Shooting Down the 2nd Amendment, One Lawsuit at a Time

The Patriot Post
By Arnold Ahlert


Arnold AhlertIt was one of those little stories that most people miss, even more so when it is released during a heated presidential election. But it is one that is critically important because it represents an unprecedented power grab by the one profession that has arguably done more damage to America than any other. If Americans don’t demand an end to this nonsense, we have no one to blame but ourselves. The details of the story are both simple and infuriating: a New York appeals court in has ruled that a former high school athlete shot in 2003 can sue — the companies that made and distributed the handgun used to shoot him.

Danny Williams, now 25, was promising high school basketball player who was shot in the stomach while playing hoops in front of his house. As a victim, he deserves nothing but sympathy. Cornell Caldwell, who shot him in a case of mistaken identity, is currently in prison, and deserves to be prosecuted to the fullest extent of the law. But the distributor and manufacturer of the gun involved?

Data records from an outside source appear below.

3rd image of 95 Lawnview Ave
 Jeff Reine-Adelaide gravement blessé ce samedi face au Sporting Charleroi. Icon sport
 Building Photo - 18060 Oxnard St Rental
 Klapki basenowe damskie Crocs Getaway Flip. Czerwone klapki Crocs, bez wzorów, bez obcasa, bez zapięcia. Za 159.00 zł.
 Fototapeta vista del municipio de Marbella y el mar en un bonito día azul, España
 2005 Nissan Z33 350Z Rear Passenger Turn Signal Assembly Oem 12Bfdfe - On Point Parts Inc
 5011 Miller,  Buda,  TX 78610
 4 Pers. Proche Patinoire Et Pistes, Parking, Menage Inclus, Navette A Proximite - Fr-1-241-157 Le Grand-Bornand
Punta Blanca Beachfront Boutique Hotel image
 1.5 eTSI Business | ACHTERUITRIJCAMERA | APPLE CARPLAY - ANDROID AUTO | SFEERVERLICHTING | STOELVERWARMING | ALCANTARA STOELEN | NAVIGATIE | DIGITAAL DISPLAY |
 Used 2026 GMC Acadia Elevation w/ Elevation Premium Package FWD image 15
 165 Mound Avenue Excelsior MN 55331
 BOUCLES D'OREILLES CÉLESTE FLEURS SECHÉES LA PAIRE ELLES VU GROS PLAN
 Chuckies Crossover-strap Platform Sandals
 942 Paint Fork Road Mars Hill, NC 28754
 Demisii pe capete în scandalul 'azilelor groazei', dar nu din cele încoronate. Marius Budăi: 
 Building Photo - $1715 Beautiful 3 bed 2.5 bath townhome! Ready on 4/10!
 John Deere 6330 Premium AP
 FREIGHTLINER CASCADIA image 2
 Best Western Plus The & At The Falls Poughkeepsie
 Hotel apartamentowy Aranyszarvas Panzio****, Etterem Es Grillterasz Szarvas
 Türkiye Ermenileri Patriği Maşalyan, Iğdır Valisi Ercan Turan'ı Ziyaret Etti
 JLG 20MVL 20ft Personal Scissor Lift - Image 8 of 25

The continued pursuit of this case rests on the idea that gun manufacturer, Beemiller, “knew” it was making guns tied to urban street crime, as did the gun distributor, MKS Supply, which was working closely with Beemiller. They “knew” because the gun used to shoot Williams was among some 250 guns purchased at Ohio gun shows by now-convicted gun trafficker James Nigel Bostic. Williams’ attorneys contend that gun show dealer Charles Brown, also “had to have known” Bostic was buying guns for illegal purposes.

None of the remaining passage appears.